DIRECTIONS FOR THIS TASK:
The range runs from the line containing "Библионочь – 2025." to the last line of the entries. Restate those lines word for word, without the pictures.

PROVIDED RECORDS:
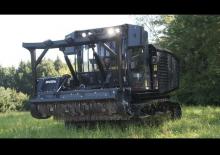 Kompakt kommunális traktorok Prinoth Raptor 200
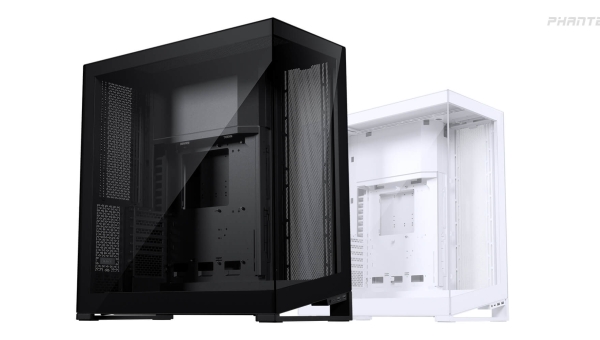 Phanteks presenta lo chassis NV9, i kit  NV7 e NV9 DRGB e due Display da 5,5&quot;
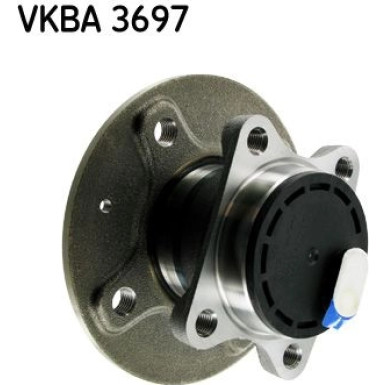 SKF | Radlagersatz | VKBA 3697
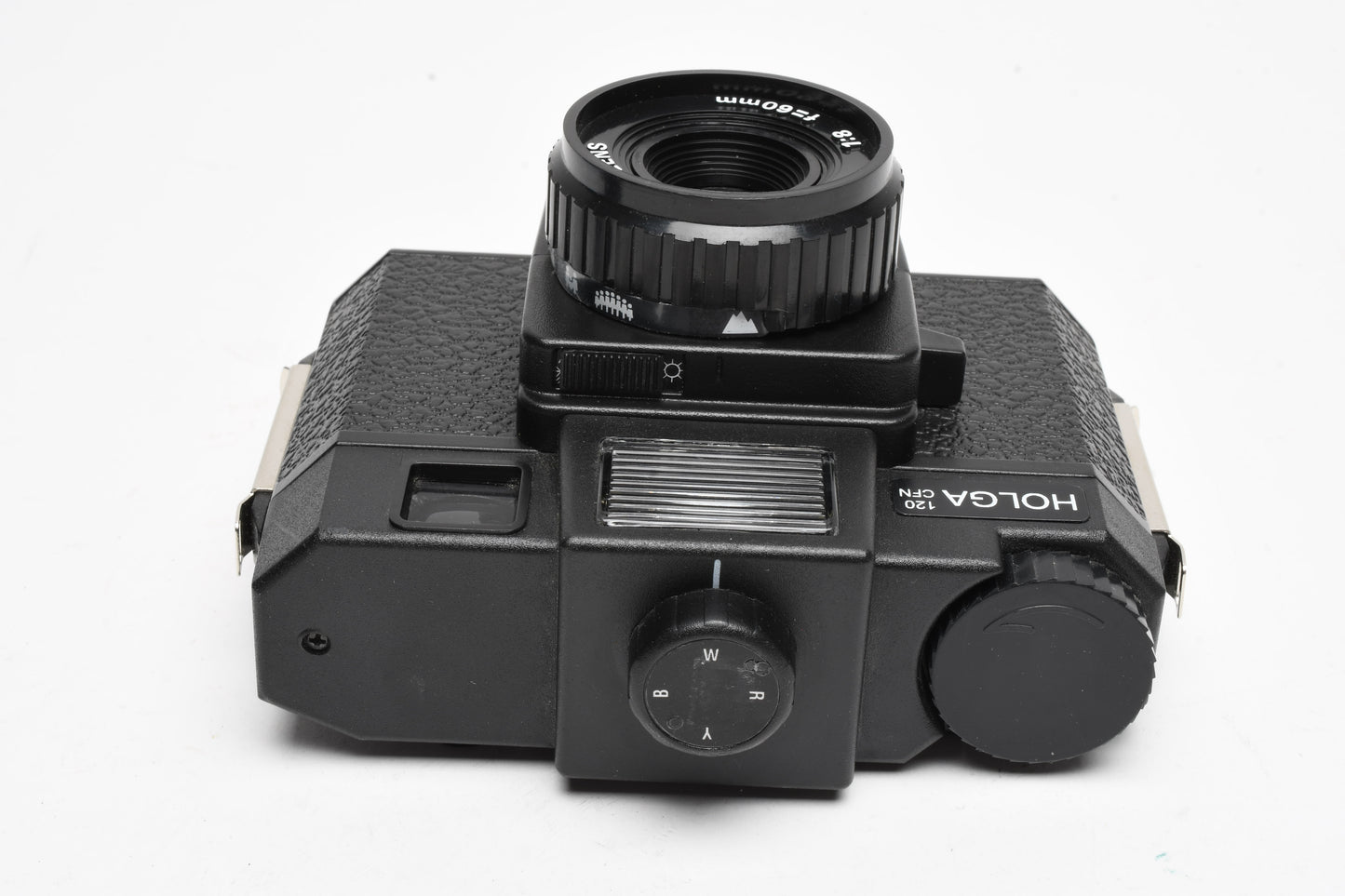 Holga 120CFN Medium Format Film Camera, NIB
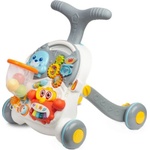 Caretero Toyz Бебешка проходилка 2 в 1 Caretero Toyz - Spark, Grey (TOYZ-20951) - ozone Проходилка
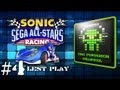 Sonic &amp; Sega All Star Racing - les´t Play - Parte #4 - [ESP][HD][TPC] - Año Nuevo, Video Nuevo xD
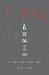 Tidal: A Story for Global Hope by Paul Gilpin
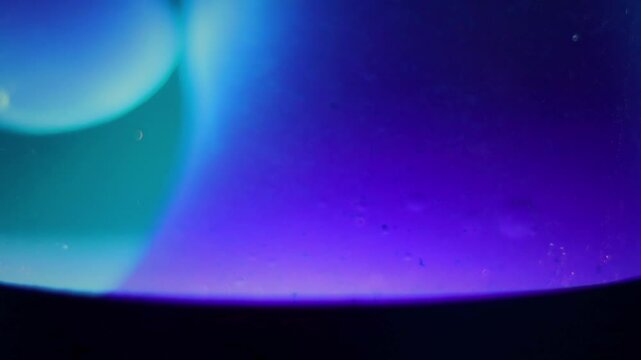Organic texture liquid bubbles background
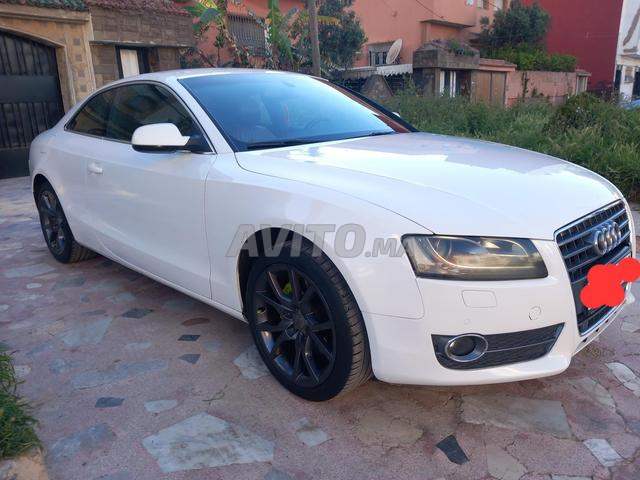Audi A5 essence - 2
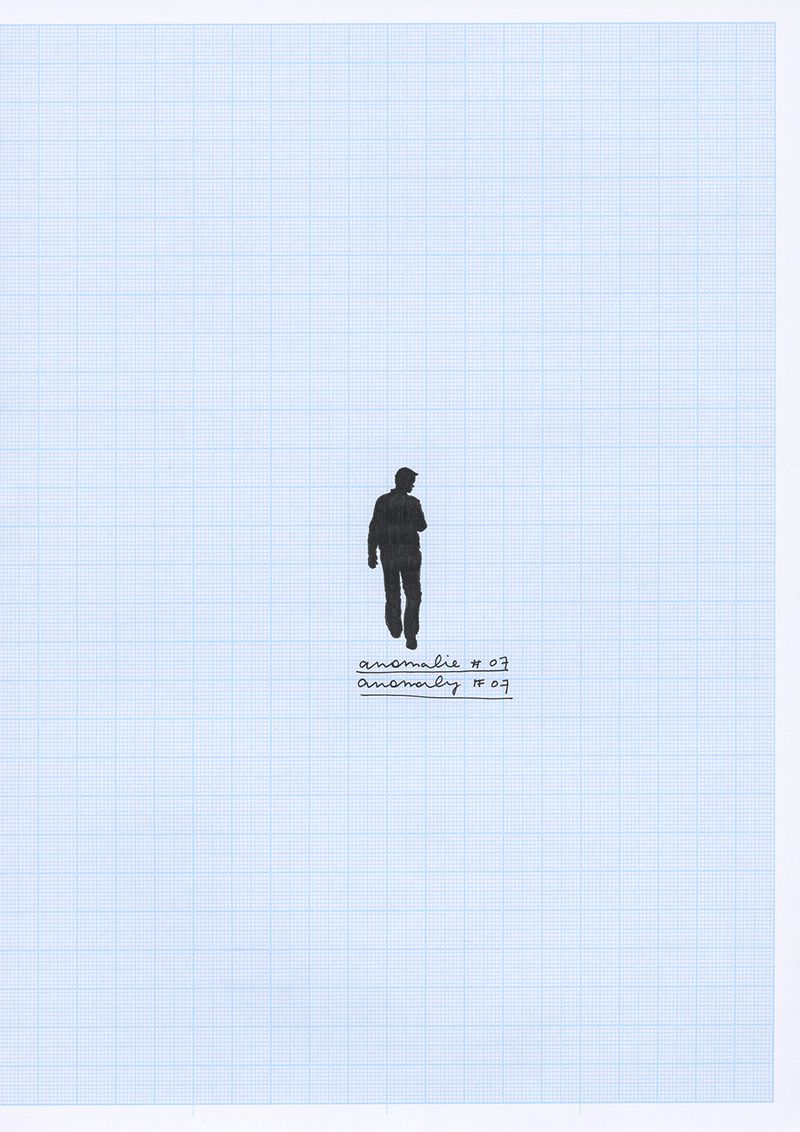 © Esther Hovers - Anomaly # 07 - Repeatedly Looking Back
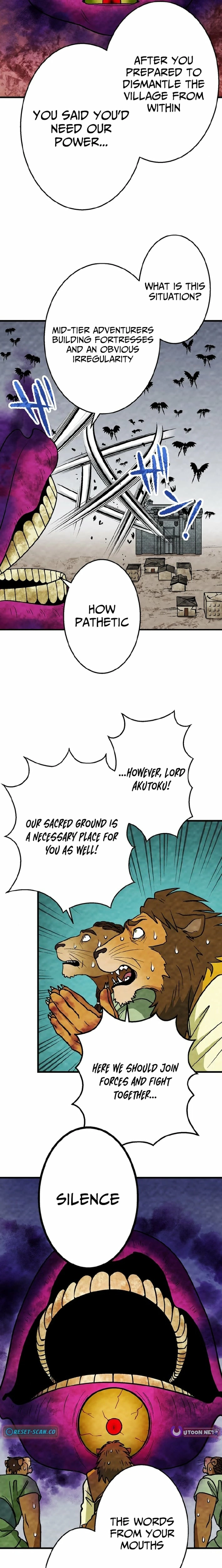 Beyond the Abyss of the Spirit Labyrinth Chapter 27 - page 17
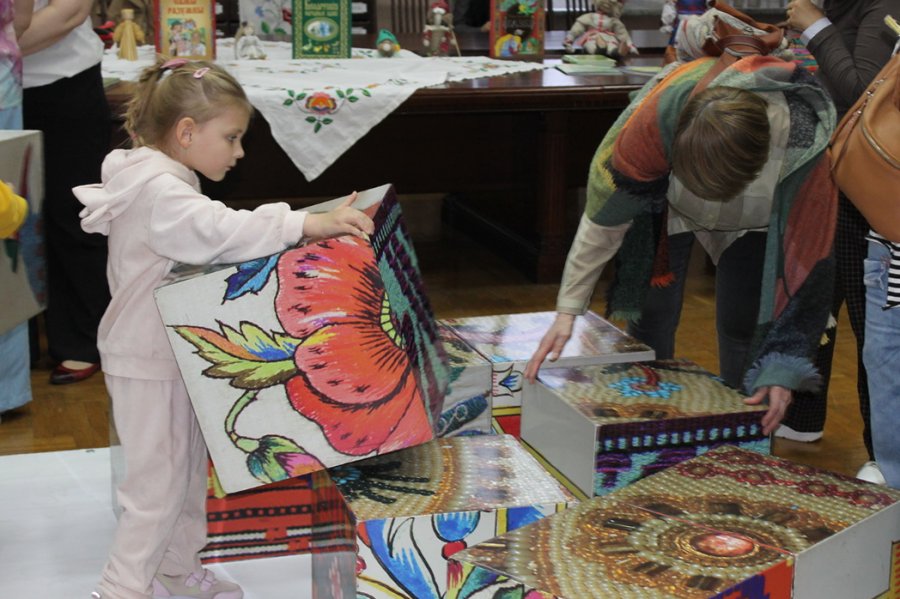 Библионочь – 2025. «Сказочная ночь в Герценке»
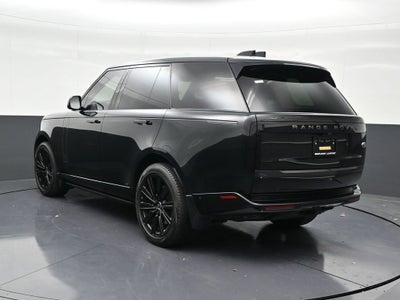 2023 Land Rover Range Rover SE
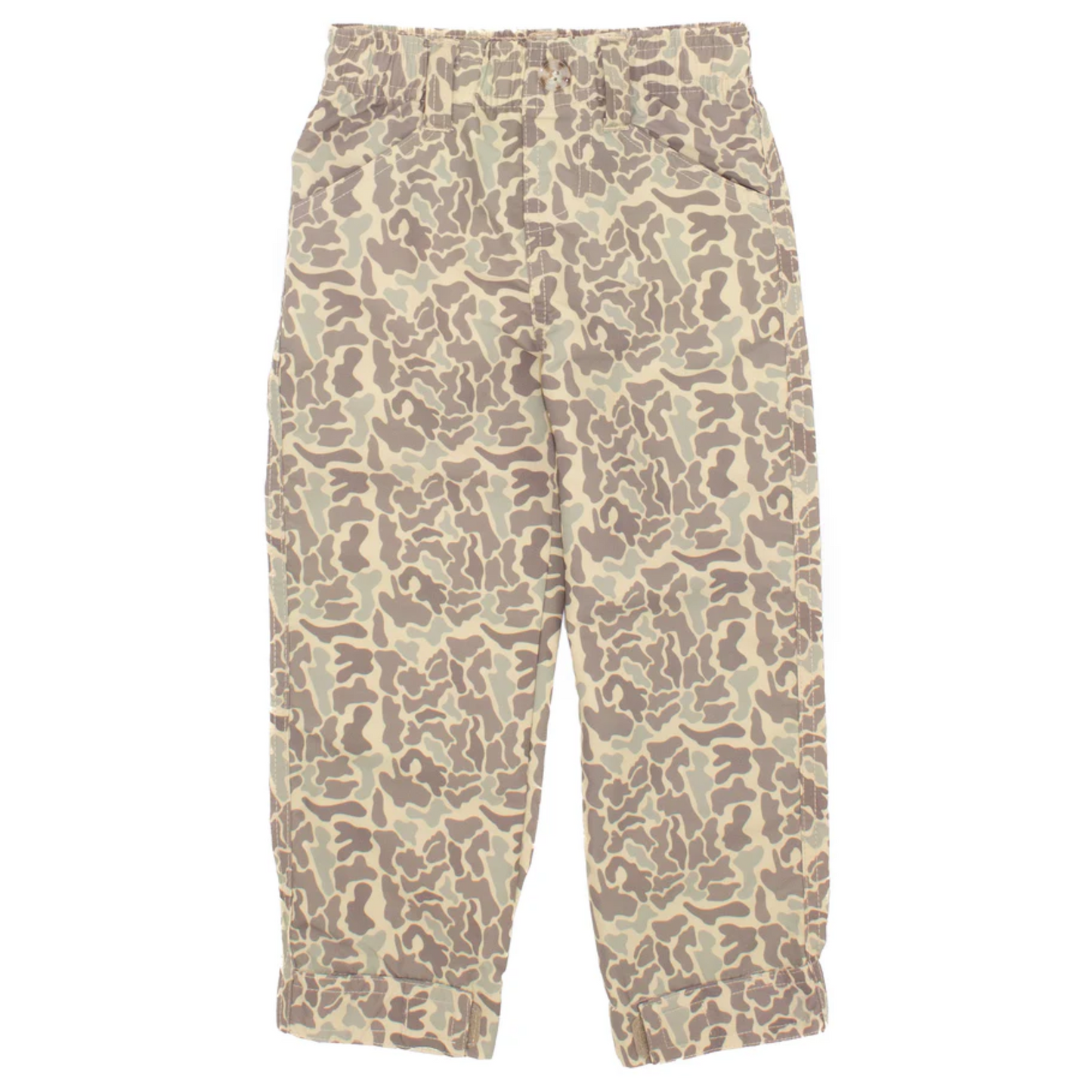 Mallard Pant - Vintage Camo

EXERCISE RESULT:
 Библионочь – 2025. «Сказочная ночь в Герценке»
 2023 Land Rover Range Rover SE
 Mallard Pant - Vintage Camo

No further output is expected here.